Lo que está en juego no es lo mismo y la geografía tampoco.
Opinión de Janan Ganesh
En 1964, cuando reconocer a la China “roja” seguía siendo la muerte para un presidente estadounidense, Charles de Gaulle lo hizo. Más tarde sacó a Francia del mando militar integrado de la OTAN. En una gira épica casi homérica por América Latina, prometió a esa región su solidaridad contra un estado hegemónico sin nombre pero no difícil de adivinar.

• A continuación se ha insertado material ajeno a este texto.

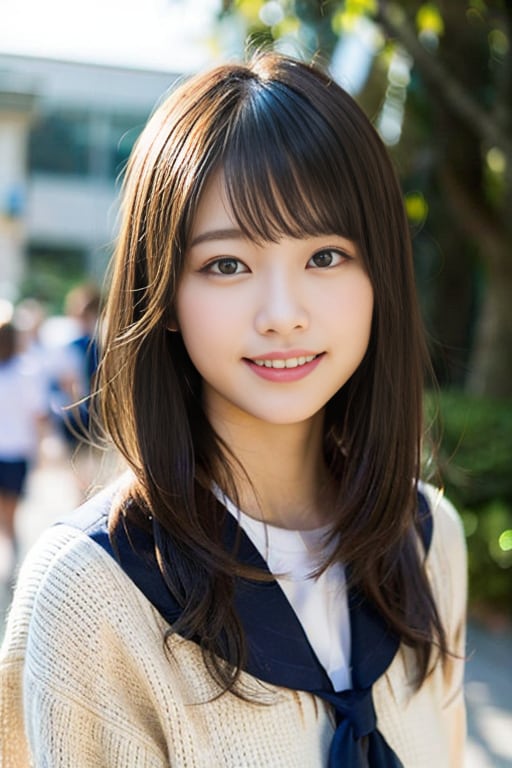 AI生成された美女を10枚厳選し提供します ★日本の美女をご要望に沿った形で提供します★ イメージ5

Aunque nunca llegó a ser equidistante entre Estados Unidos y la URSS, le gustaba establecer una equivalencia espuria entre el poder dominante de ambos.
Pongamos a Emmanuel Macron en perspectiva. Sí, en palabras y comportamiento, se acercó demasiado a China durante su reciente visita a ese país. Ha puesto distancia entre Francia y el resto de Europa, entre Europa y Estados Unidos, entre Occidente y Taiwán. Ningún líder del mundo democrático está más necesitado de un buen publicista.
Sólo que cualquiera de sus predecesores o sucesores podría haber hecho lo mismo, o peor. Francia quiere ser a menudo una “tercera fuerza” en el mundo. (Antes de que acabara la guerra fría, François Mitterrand propuso una Confederación Europea que incluyera a Rusia.) También tiene más peso diplomático y militar que cualquier otro Estado de la UE. Si juntamos estas realidades, “Europa”, en la medida en que exista como actor en los asuntos mundiales, nunca se comprometerá totalmente con la postura de Estados Unidos con respecto a China. El problema no es un hombre impulsivo.
Hay razones, más allá de Francia, para dudar de que Estados Unidos y Europa lleguen a coincidir con respecto a China. En primer lugar, no está en juego lo mismo. Estados Unidos defiende su posición como primera potencia mundial. Ni Europa ni ninguna de las naciones que la componen tienen ese estatus desde hace aproximadamente un siglo. De por sí, el surgimiento de una segunda potencia no afecta tanto a Berlín o Bruselas como a Washington. (Aunque, como dice la presidenta de la Comisión Europea, Ursula von der Leyen, la forma en que se ejerce ese poder cada vez afecta más.) No existe el mismo compromiso oficial de mantener la supremacía porque no existe la misma supremacía.
En segundo lugar, Estados Unidos es, o podría ser, autosuficiente. Tiene los recursos en energía, agricultura y tecnología. En el arte de grabar miles de millones de transistores en un chip de silicio, sigue trabajando para reducir su exposición a fuerzas externas. Pero al menos puede contemplar la posibilidad de “desvincularse” (una frase que sus dirigentes utilizan mucho menos que nosotros, los comentaristas, por cierto) de China. Eso es menos cierto en un continente cuyas diversas dependencias quedaron humillantemente expuestas cuando Rusia invadió Ucrania. Europa está condenada por las circunstancias a jugar un juego más cuidadoso y pérfido.
También está el invariable detalle de la distancia. Si finalmente hasta las naciones más torpes de Europa occidental se aferraron a EEUU durante la guerra fría, fue porque los soviéticos eran un problema demasiado cercano como para arriesgarse a hacer otra cosa. No es el caso de China.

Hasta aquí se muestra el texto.